The answer must be an exact copy of the lines from the one with "Pure2Improve Oreiller de yoga Rose" through the final line below, with no pictures and nothing else.

☆ ☆ ☆ ☆ ☆ ☆ ☆

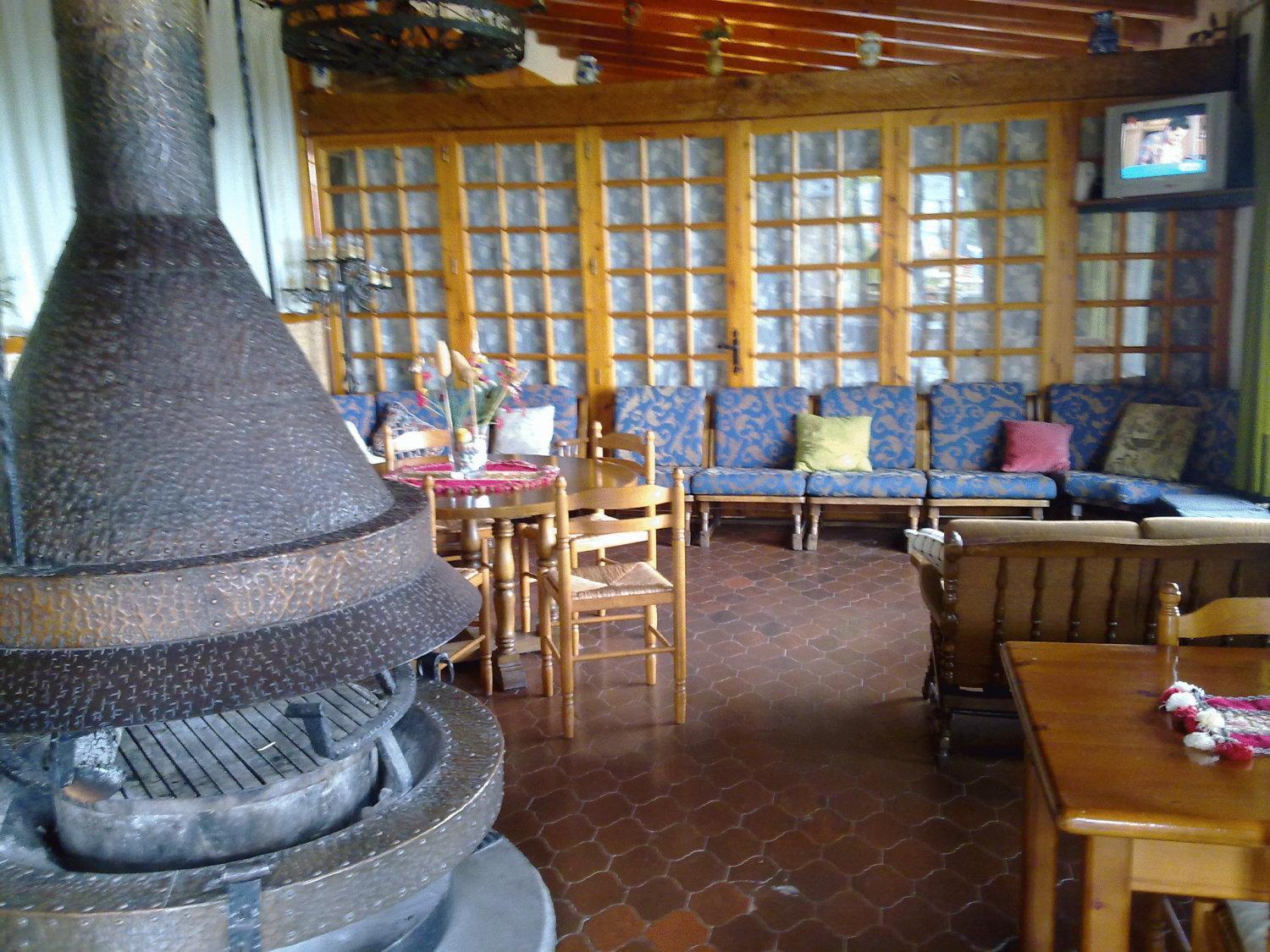 Hotel Terralta Campelles Eksteriør billede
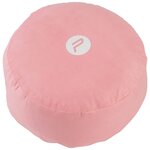 Pure2Improve Oreiller de yoga Rose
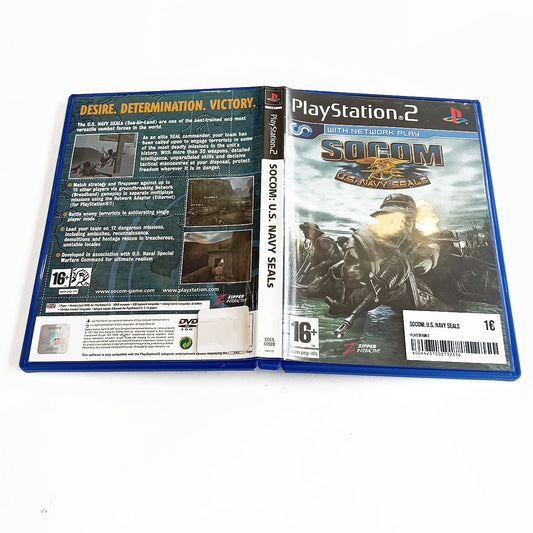 SOCOM: U.S. Navy SEALs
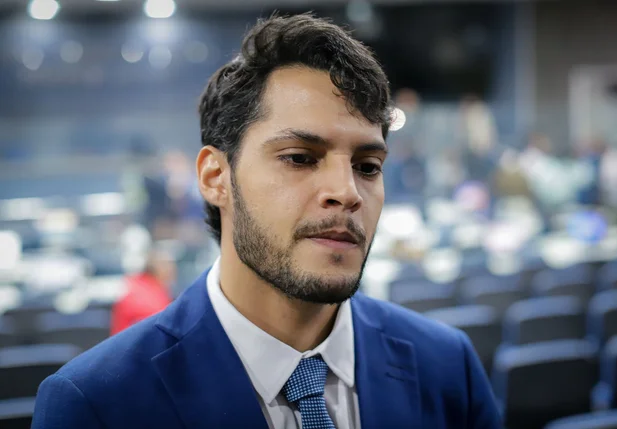 Vereador Roncalli Filho (PRD)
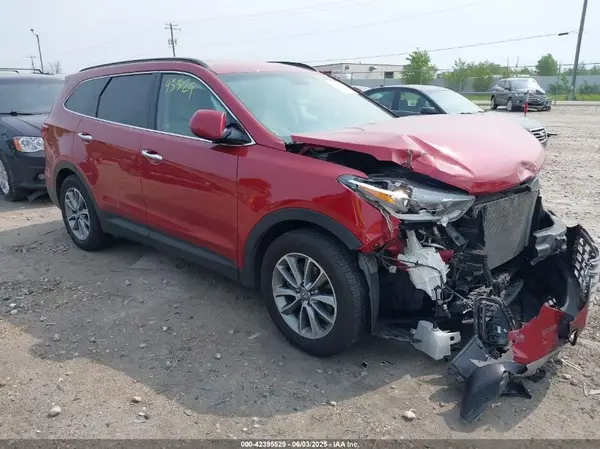 KM8SMDHF1HU254846 2017 HYUNDAI SANTA FE - Image 1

☆ ☆ ☆ ☆ ☆ ☆ ☆

▸ PROBLEM SOLUTION:
 Pure2Improve Oreiller de yoga Rose
 SOCOM: U.S. Navy SEALs
 Vereador Roncalli Filho (PRD)
 KM8SMDHF1HU254846 2017 HYUNDAI SANTA FE - Image 1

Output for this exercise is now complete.